Se as fundações democráticas do Brasil contemporâneo forem minimamente sólidas, o próximo período será comparável ao de uma “reconstrução pós-guerra”, como disse uma figura política. Um professor postou em rede social que isso tem condições: “se a maioria da sociedade não voltar a apoiar o modelo social-democrata de intervenção do Estado, de políticas de redução das desigualdades, de proteção das liberdades e de preservação ambiental, o 11 de agosto poderá ter sido o último suspiro do pacto de 1988”. Concordo com ambos, mas vejo um descompasso entre os dois prognósticos: empreender uma reconstrução depende de engajamento para a ação, esperar apoio não basta.

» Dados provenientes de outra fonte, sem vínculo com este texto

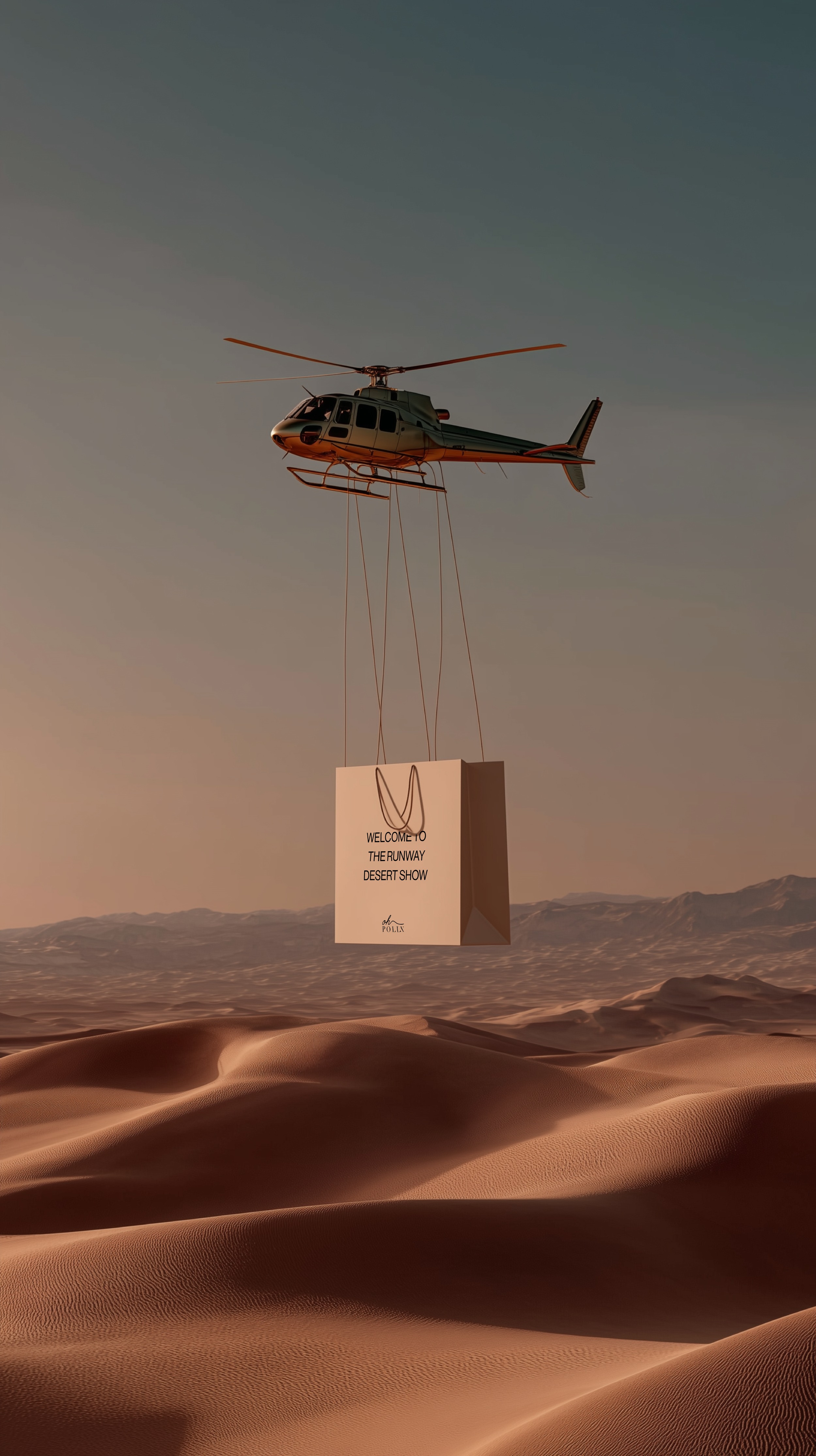 Sirocco campaign visual of a helicopter carrying an Oh Polly bag above desert dunes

O que deve ser a reconstrução do Estado brasileiro? Em torno de que ideias ela deve se organizar? Que participação cabe à universidade nesse processo? Essas devem ser algumas perguntas desta coluna, que para grande honra minha fui convidada a manter mensalmente no Jornal da USP.
Se a social-democracia europeia do pós-guerra serviu de modelo para a concepção do Estado social brasileiro, as condições para sua concretização eram distintas. O movimento sindical autêntico só emergiu tardiamente entre nós, na redemocratização, e foi uma das forças que impulsionaram os avanços da Constituição de 1988, junto com a sociedade civil organizada. Mas cabe lembrar que antes disso houve a derrota da emenda das diretas e do próprio projeto de Assembleia Constituinte exclusiva. A Constituição e seu importante capítulo de direitos foram forjados no conflito. Desse aprendizado surgiu o vigor democrático que deu a tônica das políticas públicas para implementá-los, gerando organização e resultados palpáveis que hoje legitimam e explicam a resiliência do SUS (Sistema Único de Saúde), do SUAS (Sistema Único de Assistência Social), das redes de educação básica e do sistema de instituições de ciência e tecnologia, entre outros, frente ao desmonte do período autoritário. A inovação das políticas bem-sucedidas do período democrático resulta da combinação de sustentação política, capaz de atravessar as alternâncias do processo eleitoral, com aprimoramentos de gestão, financiamento (mesmo insuficiente) e uma institucionalidade jurídica razoavelmente consistente. Por trás disso há muito conhecimento multidisciplinar, sem o qual dificilmente haveria o consenso necessário tanto para as melhorias incrementais, como para alguns saltos estruturais que ocorreram ao longo do processo.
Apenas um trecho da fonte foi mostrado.